*** Records to process Section Begins ***

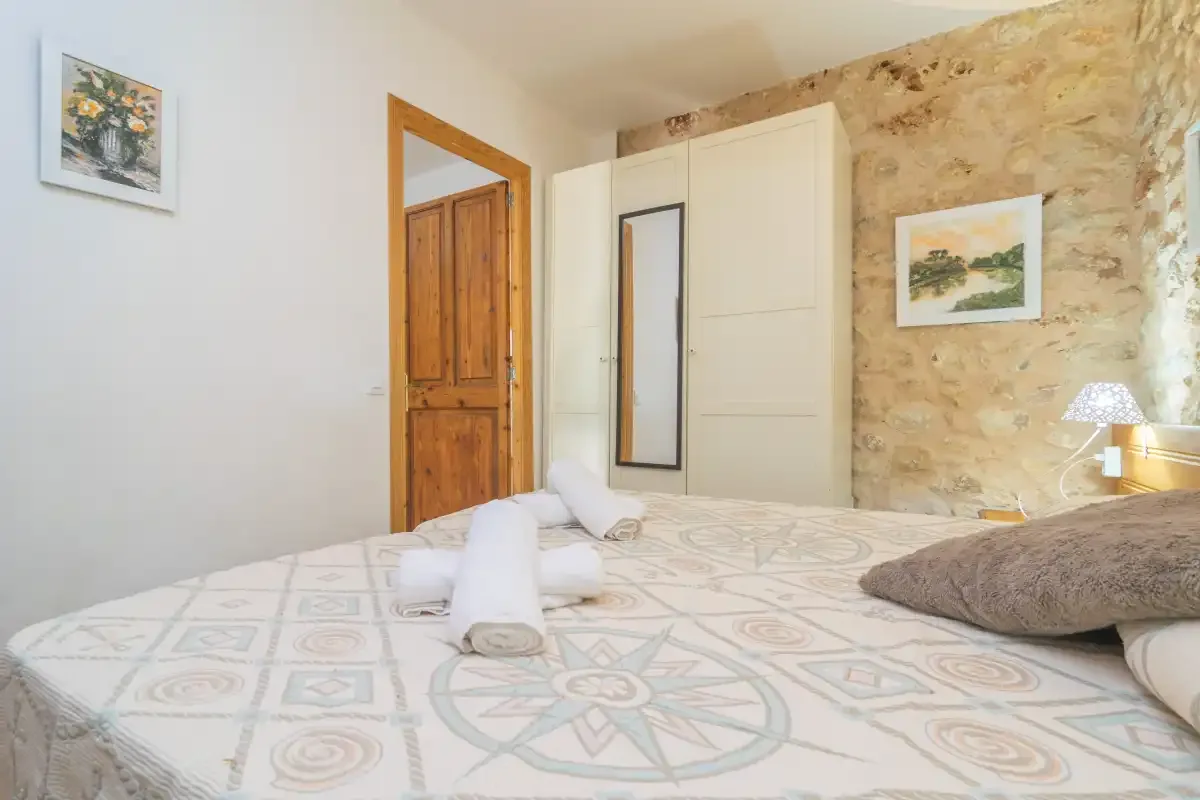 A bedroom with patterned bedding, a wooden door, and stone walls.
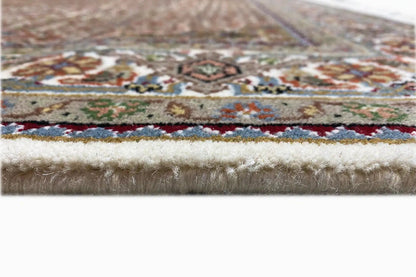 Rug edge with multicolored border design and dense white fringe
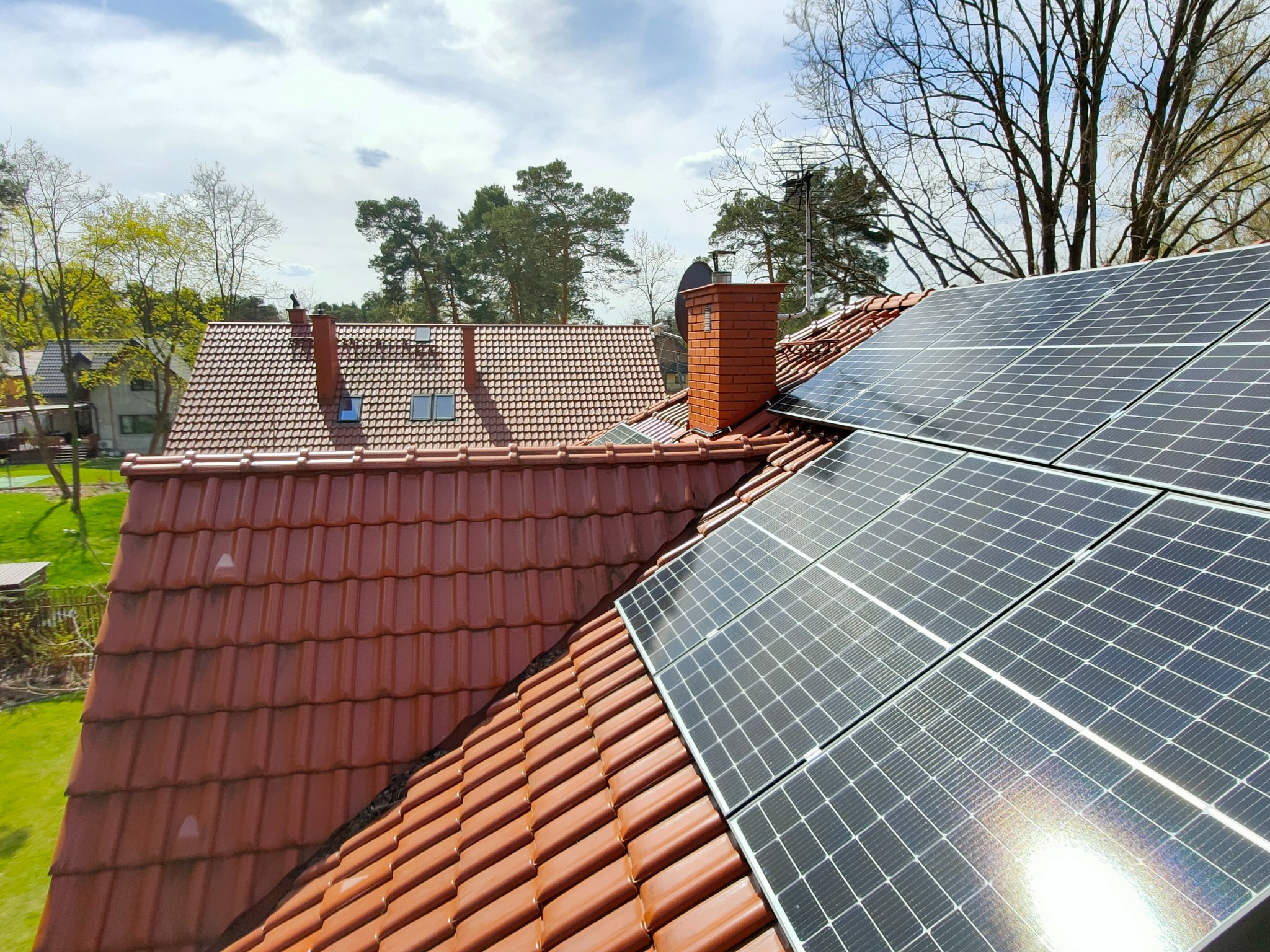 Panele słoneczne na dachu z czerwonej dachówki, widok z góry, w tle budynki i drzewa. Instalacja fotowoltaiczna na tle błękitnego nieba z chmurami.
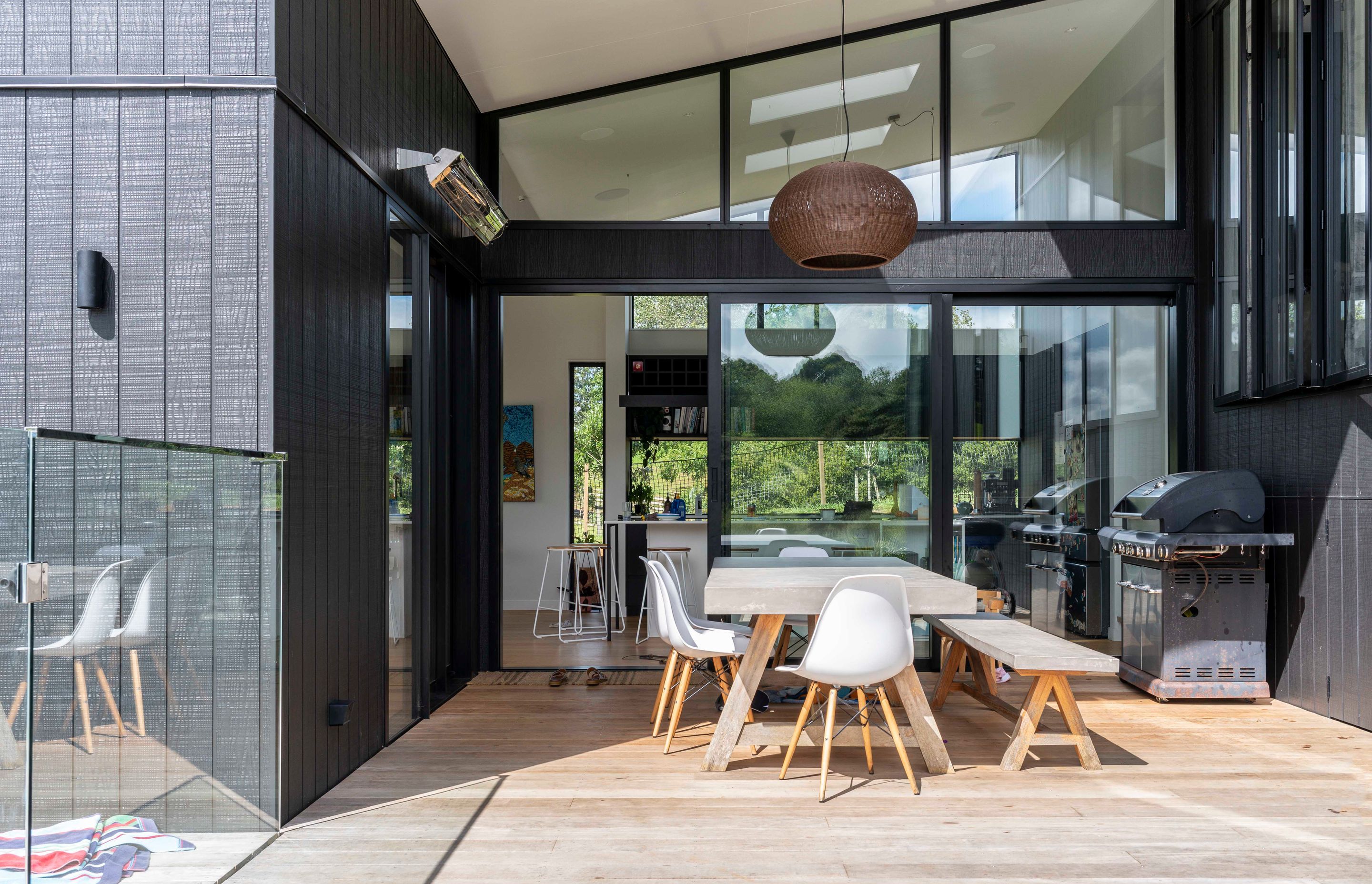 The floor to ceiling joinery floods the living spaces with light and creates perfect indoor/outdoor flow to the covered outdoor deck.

*** Records to process Section Ends ***
*** Records to process Section Begins ***

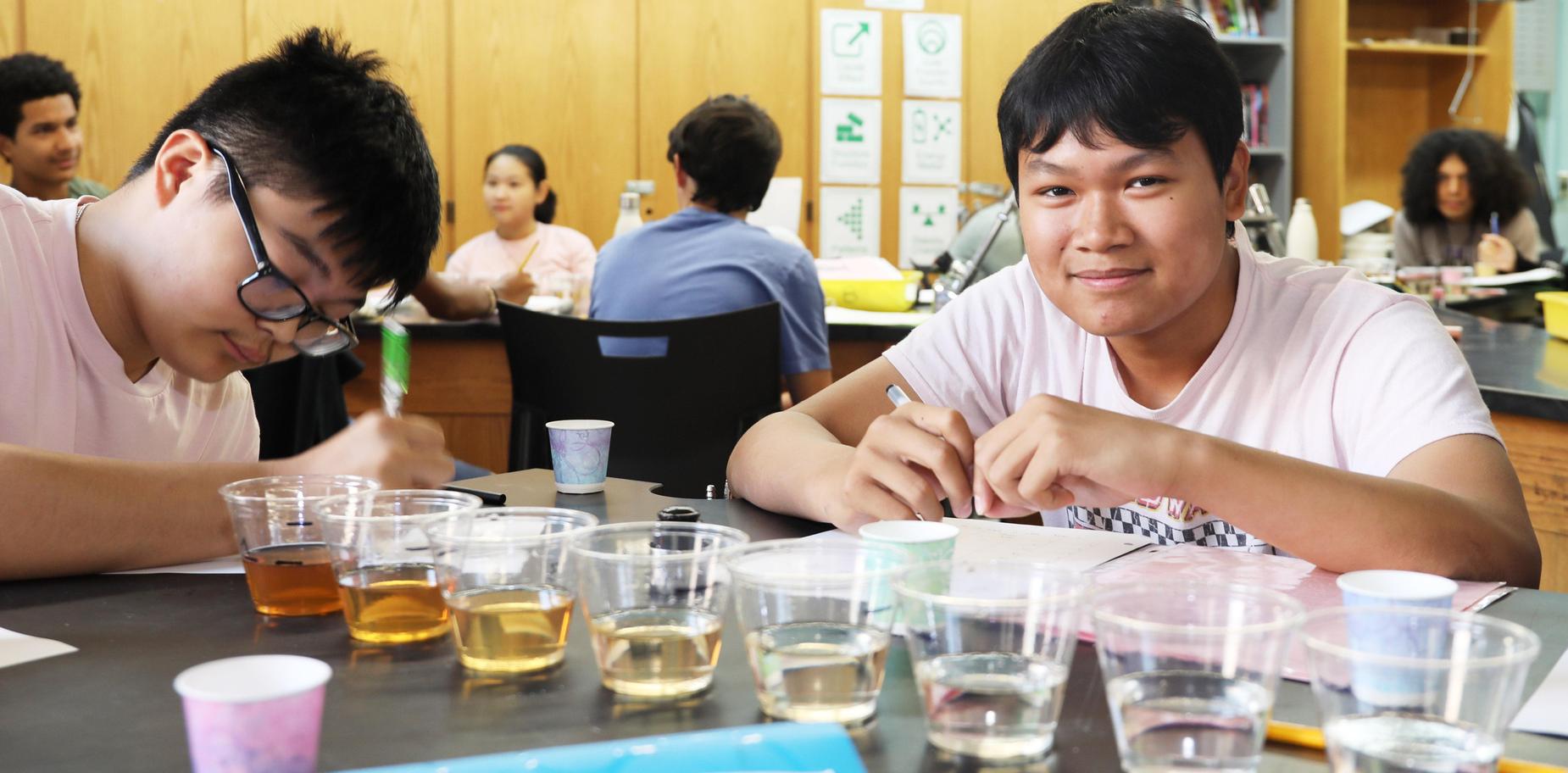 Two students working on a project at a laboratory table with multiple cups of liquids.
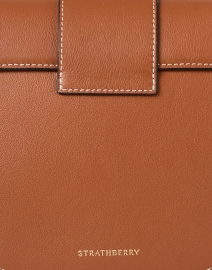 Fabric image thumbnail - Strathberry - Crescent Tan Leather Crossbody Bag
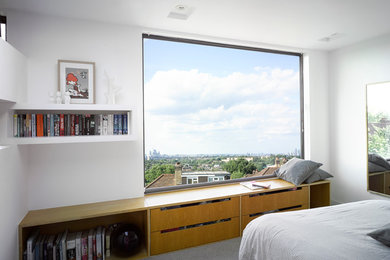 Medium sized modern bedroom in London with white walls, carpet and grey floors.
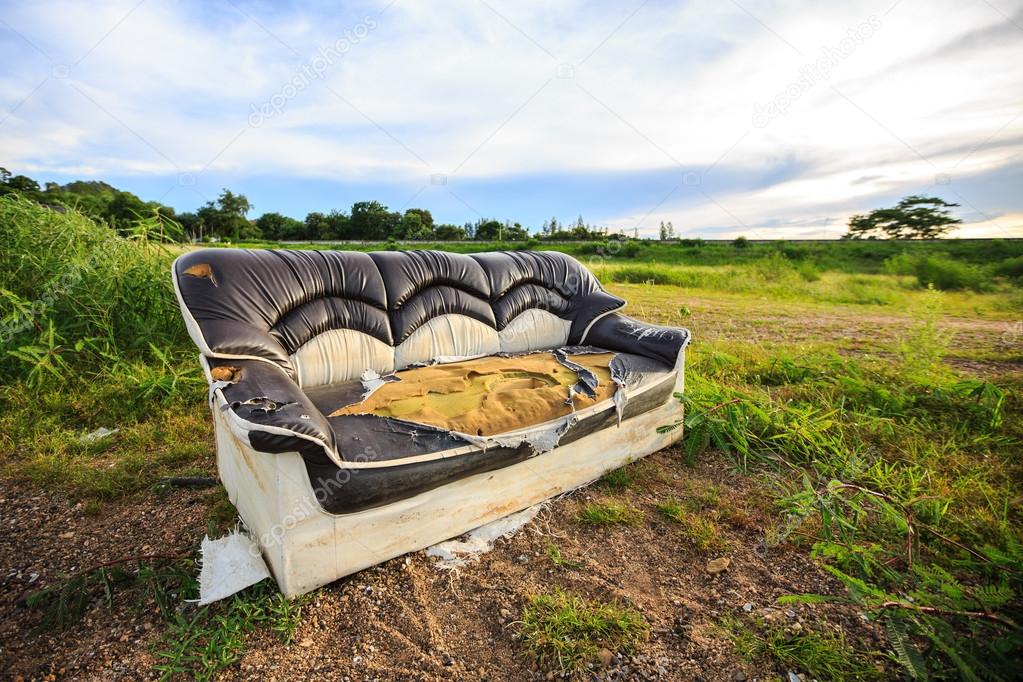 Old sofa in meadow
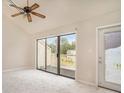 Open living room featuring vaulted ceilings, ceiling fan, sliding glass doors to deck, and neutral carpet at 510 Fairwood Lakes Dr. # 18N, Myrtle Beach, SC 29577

*** Records to process Section Ends ***
*** Records to process Section Begins ***

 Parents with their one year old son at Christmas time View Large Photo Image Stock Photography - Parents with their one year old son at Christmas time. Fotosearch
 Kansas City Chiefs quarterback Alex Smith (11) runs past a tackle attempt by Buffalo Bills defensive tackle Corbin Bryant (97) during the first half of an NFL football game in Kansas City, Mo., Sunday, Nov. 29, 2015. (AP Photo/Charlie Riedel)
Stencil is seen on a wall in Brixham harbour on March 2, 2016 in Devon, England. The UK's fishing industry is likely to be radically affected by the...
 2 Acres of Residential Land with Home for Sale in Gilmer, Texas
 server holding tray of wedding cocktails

*** Records to process Section Ends ***

◆ Instructions for the task ◆
In the listing above, find the line with "A bedroom with" and the line with "Panele słoneczne na". Copy exactly those lines and all between them, minus the images.

◆ Exercise response ◆
 A bedroom with patterned bedding, a wooden door, and stone walls.
 Rug edge with multicolored border design and dense white fringe
 Panele słoneczne na dachu z czerwonej dachówki, widok z góry, w tle budynki i drzewa. Instalacja fotowoltaiczna na tle błękitnego nieba z chmurami.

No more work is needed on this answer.